Information needs to be compressed into latent space or it becomes computationally intractable

searchguy•11mo ago
do you have references to

> TTT, cannon layers, and titans

najarvg•11mo ago
This was the nearest reference I could find. Links to an unofficial pytorch implementation on Github are also linked in the threads somewhere - https://www.reddit.com/r/LocalLLaMA/comments/1i0q8nw/titans_...
vessenes•11mo ago
is titans replicated? I feel like lucidrains couldn't replicate.
logicchains•11mo ago
I think something like Titans explains Gemini's excellent long context performance. That would explain why the Titan team hasn't released the training code or hyperpameters used even though they said in the paper that they would, and why soon after that it came out that DeepMind would be holding off publishing new results for 6 months to avoid giving away competitive advantages.
p_v_doom•11mo ago
Interesting. Before there even was attention I was thinking that the episodic memory model offers something that could be very useful for neural nets, so its cool to see people testing that
killerstorm•11mo ago
Note that this works within a single sequence of tokens. It might be consistent with "episodic memory" metaphor if we consider a particular transformer run as its experience.

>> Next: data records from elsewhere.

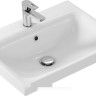 Умывальник Cersanit Moduo 60 S-UM-MOD60/1 + 63030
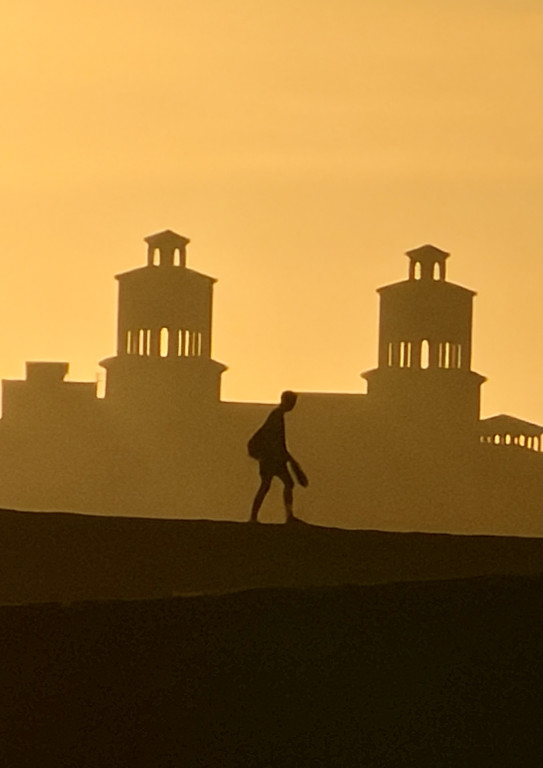 Magia wschodów słońca. Od sopockiej plaży po oceaniczne wybrzeża [FOTO]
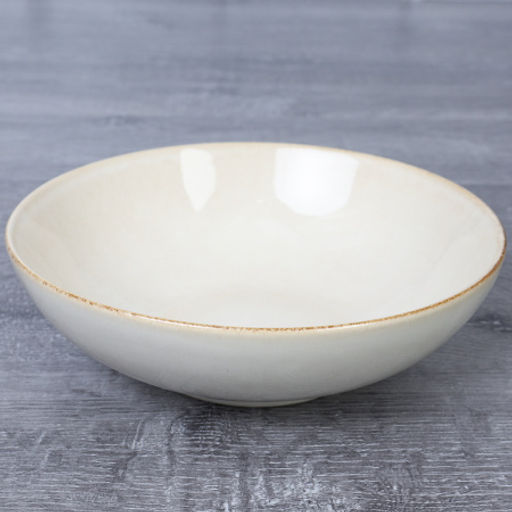 Бульонница / 233452 /уп 24/ - ГалеонТрейд фото 2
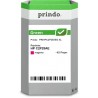 ORIGINAL Prindo Cartuccia d'inchiostro magenta PRIHPC2P25AEG Green XL ~825 Seiten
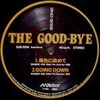 The Good-Bye「GOING DOWN」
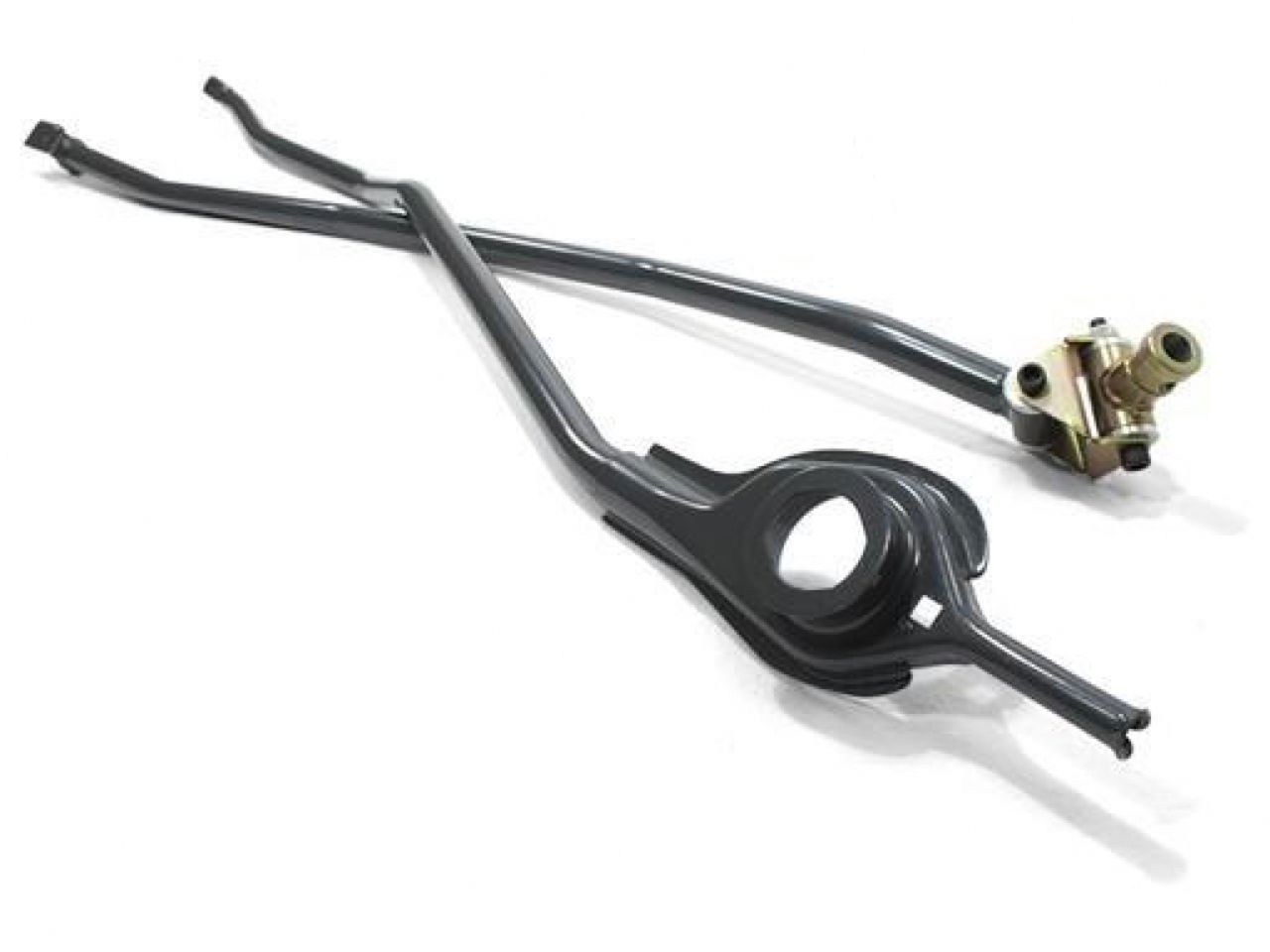 Innovative Mounts Carburetor Linkages 50119 Item Image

But this might be very different from what people expect from "memory" - i.e. ability to learn vast amounts of information and retrieve it as necessary.

This is more like a refinement of transformer attention: instead of running attention over all tokens (which is very expensive as it's quadratic), it selects a subset of token spans and runs fine-grained attention only on those. So it essentially breaks transformer attention into two parts - coarse-grained (k-NN over token spans) and fine-grained (normal).

It might be a great thing for long-context situations. But it doesn't make sense when you want millions of different facts to be considered - making them into long context is rather inefficient.

yorwba•11mo ago
It would be inefficient if you had to do it from scratch for every query, but if you can do it once as a preprocessing step and reuse the prepared context for many queries, it might start to become more efficient than a shorter context that includes only some documents but has to be reprocessed because it's different every time.
killerstorm•11mo ago
Yes, I think it might be a good solution where you have a context up to 10M of tokens and you do a lot of requests with that context. It might be relevant for agentic stuff which tends to produce long chat logs - especially with some gadgets on top, e.g. some 'episodes' might be completely removed as obsolete.

But I don't think it's a good solution for bigger amounts of data - as in that case it's more beneficial if that can be formed into independent memories.